Rare Bird Population Found in S. America

To: Birding Aus <>
Subject: Rare Bird Population Found in S. America
From: knightl <>
Date: Fri, 20 Jun 2003 17:52:47 +1000 bird,1,4291089.story?coll=sns-ap-science-headlines

4:26 PM PDT, June 19, 2003

      Rare Bird Population Found in S. America

  By RANDOLPH E. SCHMID, Associated Press Writer

WASHINGTON -- Scientists have discovered a previously unknown population of red siskins, a bird feared to be nearing extinction in the wild.

"It was totally a surprise to us, a great shock," said Michael J. Braun, a research scientist at the Smithsonian's National Museum of Natural History.

Once widespread in the coastal mountains of Venezuela and Colombia, the bird was nearly wiped out by trapping after it became popular both in that region and in Europe in the 1800s.

The bird was particularly valued for its bright red feathers and in Latin America it is known as el cardinalito, or little cardinal.

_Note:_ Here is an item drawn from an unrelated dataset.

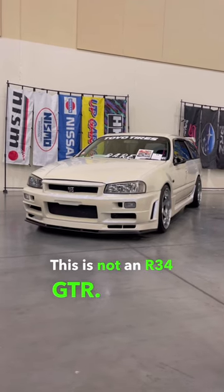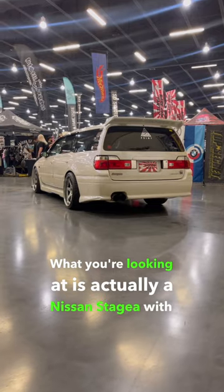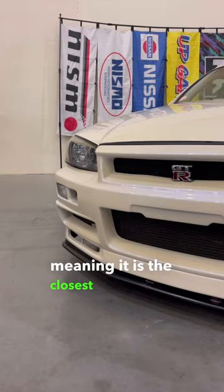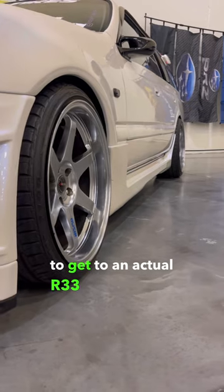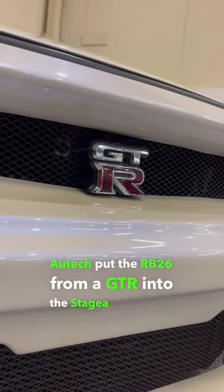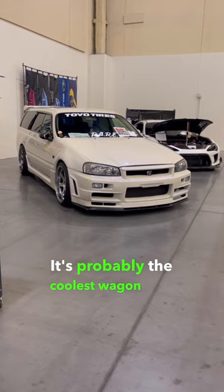This is not an R34 GTR. What you're looking at is actually a Nissan Stagea with an R34 front end. But not only that, this thing is an Autech Stagea, meaning it is the closest thing you're going to be able to get to an actual R33 GTR wagon. Autech put the RB26 from a GTR into the Stagea and turned it into this monster. It's probably the coolest wagon ever made.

Breeders discovered that the red siskin could mate with the canary, Braun said Thursday, providing a bright color to the formerly drab songbird. Any canary today that has some red feathers has some siskin genes, Braun said.

Braun said the research team was conducting a survey of birds in little-studied Guyana -- which neighbors Venezuela -- when they came across a population of several thousand red siskins.

That, he said, is several times the known population of the birds elsewhere in the wild.

The discovery was made in April of 2000, he said, but was kept under wraps until a conservation plan could be developed providing legal protection for the birds in Guyana.

It was just a matter of time before they were discovered, he said, because the region where they were found is increasingly being developed.

Red siskins been protected in Venezuela since the 1940s.

The goal is not to prevent people from raising the birds in cages, he said, but to avoid damage to the wild population.

The American Federation of Aviculture is engaged in a red siskin recovery project, attempting to breed a large enough captive population of the birds for the commercial market.

The discovery by Braun and Mark Robbins of the University of Kansas is being published in the June issue of The Auk, the journal of the American Ornithologists Union. The research is a collaboration between the Smithsonian, the University of Kansas and the University of Guyana.